Pero lejos de desentenderse de manera absoluta de sus visitantes, muchos residentes ayudan a la Policía a terminar la valla de concertinas que el Gobierno húngaro, del ultraconservador Viktor Orban, pretende finiquitar en un par de días. “Yo colaboro no dejando pasar a los inmigrantes”, gesticula otro de los pocos vecinos que opinan sobre el tema. La valla tendrá una longitud de 175 kilómetros y además se construirá de manera adicional una segunda alambrada de cuatro metros.

La mayoría de vecinos sigue con sus vidas “de manera normal”, según algunos transeúntes, y dan la espalda al mayor drama migratorio que sufre el mundo desde la Segunda Guerra Mundial. Según ACNUR, son 50 millones los desplazados por los conflictos y la pobreza alrededor del planeta, cuatro millones son sirios que huyen del régimen de Bachar el Assad y de las atrocidades del autodenominado Estado Islámico (EI), que ha acaparado ya el norte del país y buena parte del vecino Irak. Una familia de Alepo (norte de siria) caminaba anoche por las vías del tren entre Serbia y Hungría. “[El EI] está cortando la cabeza a niños de la edad de mi hijo”, lamentaba el padre, que cargaba con tres mochilas y tres niños.

Cuando cae la noche

En el cruce de caminos entre las vías del tren y la frontera con Serbia hay aún más tensión por la noche que a la luz del día. Entonces, las miles de familias que se acercan deben decidir si cruzar a Hungría —y ser registrados e identificados— o esperar a que la oscuridad les facilite esquivar a las autoridades y continuar su camino hacia el norte, a Alemania o Suecia.

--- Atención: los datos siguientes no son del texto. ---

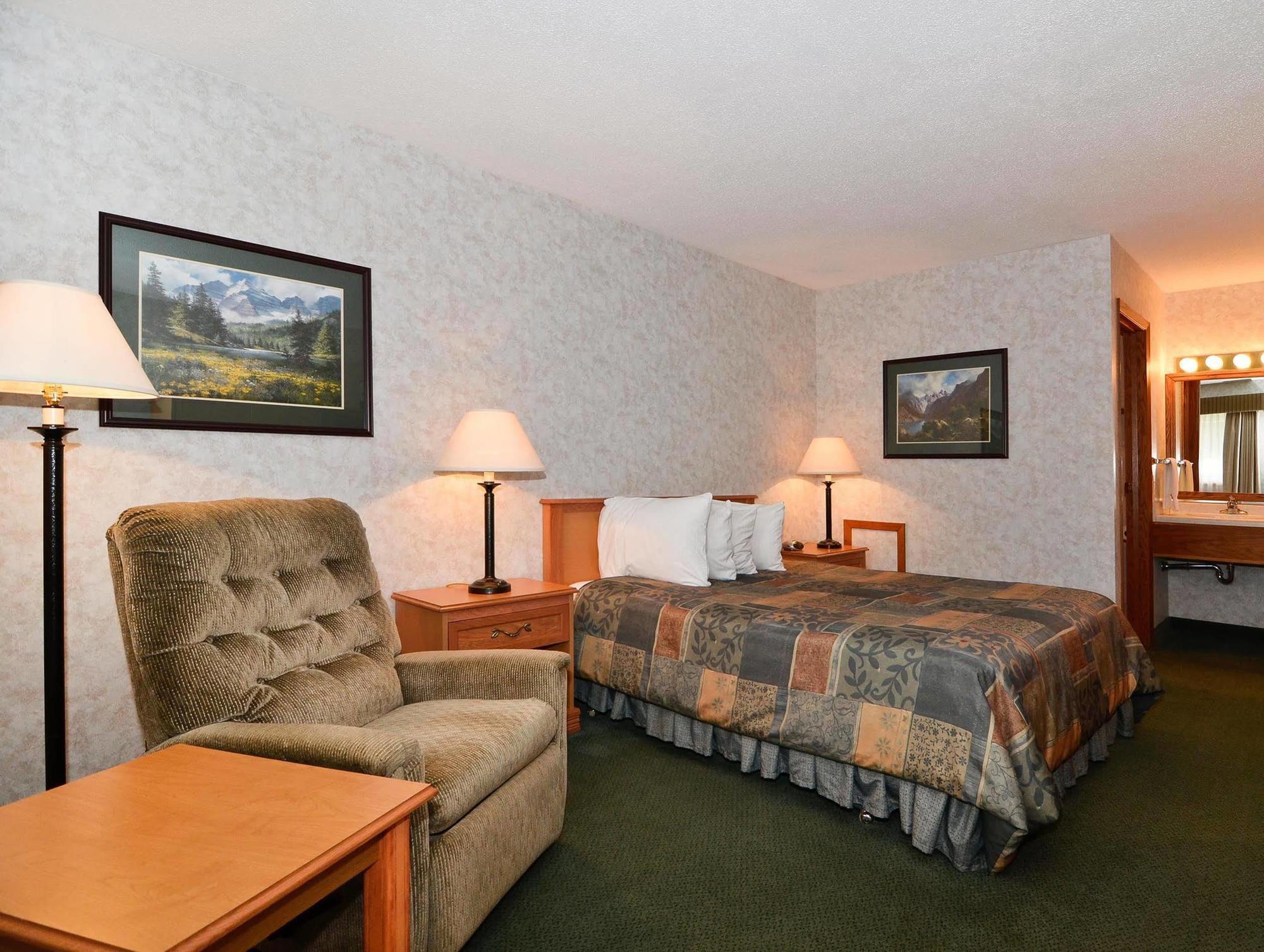 U-Bar Motel Canistota Zewnętrze zdjęcie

Durante el ocaso del jueves, la Policía incrementó considerablemente su presencia en las inmediaciones de la alambrada. El Gobierno, según anunció el viernes un portavoz, quiere endurecer la ley contra los inmigrantes e incluso, si fuera necesarios, sacar al Ejército. Una decena de camiones militares transitaban las carreteras colindantes y un helicóptero de la Policía vigilaba la línea fronteriza. Miles de agentes, armados y equipados con gafas de visión nocturna, fueron desplegados para “interceptar inmigrantes”, según uno de ellos, que se intenten “colar” sin pasar por el registro.

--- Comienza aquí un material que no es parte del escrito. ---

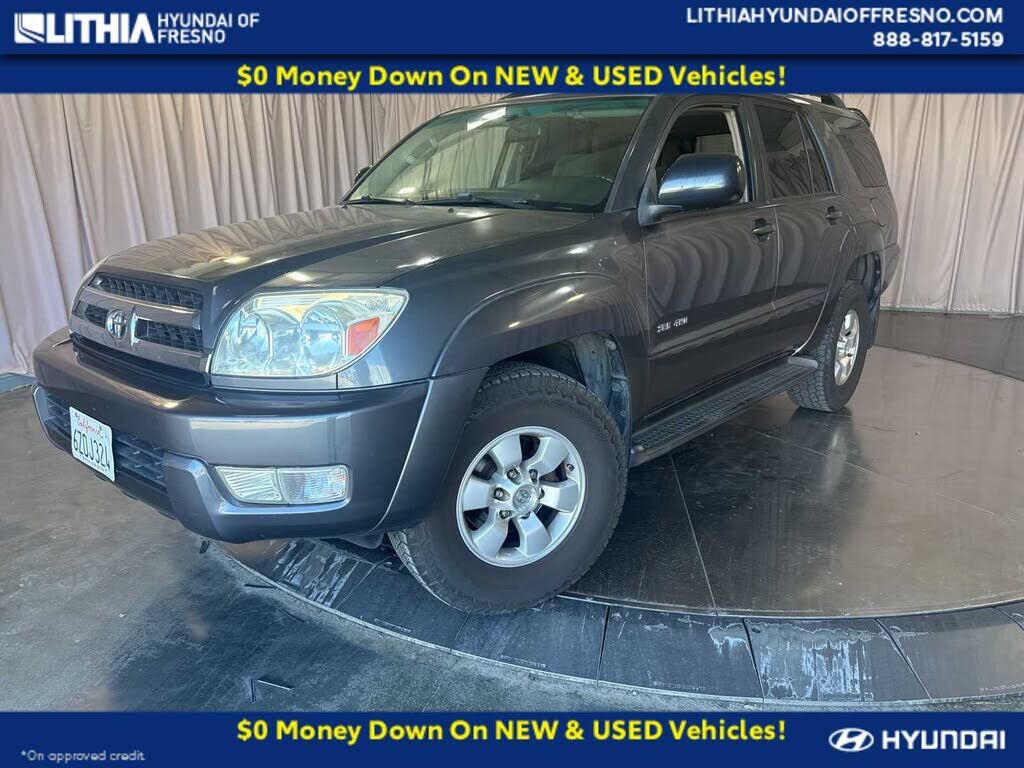 2005 TOYOTA 4-Runner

Además, la Policía ha recurrido al encendido de pequeñas hogueras puntuales a lo largo de la valla. “Es para los mosquitos y para alumbrar”, señalan un par de policías que dicen que no están autorizados a hablar con la prensa. Media hora después, las mantas y abrigos de aquellos que cruzaron días atrás y que quedaron enganchadas en las cuchillas se consumían también entre las llamas. Los murmullos y susurros bajo los arbustos del lado serbio de la valla eran constantes. Nadie está solo allí.

Presos como mano de obra

Cada mañana un furgón de la cárcel más cercana aparca en el centro de registro de inmigrantes y refugiados de Röszke. Escoltados y acompañados todo el tiempo por Policía armada, un grupo de unos 15 presos levanta los centenares de tiendas de campaña militares para alojar a los miles de inmigrantes y refugiados. “Son ciudadanos húngaros”, intenta disimular uno de los policías.

Las autoridades magiares comenzaron ayer a “marcar” a cada persona con pulseras verdes con la fecha de llegada al centro, la nacionalidad, y su número de registro. Nada de nombres propios o apellidos. Además, los controles se intensifican y este viernes un equipo de operarios ha rodeado este campamento improvisado de cámaras de vigilancia y detector de movimientos. Pero los allí encerrados —no les está permitido salir a no ser que sean trasladados en tren hasta los otros centros repartidos por todo el país— siguen diciendo lo de siempre: “No hay agua”.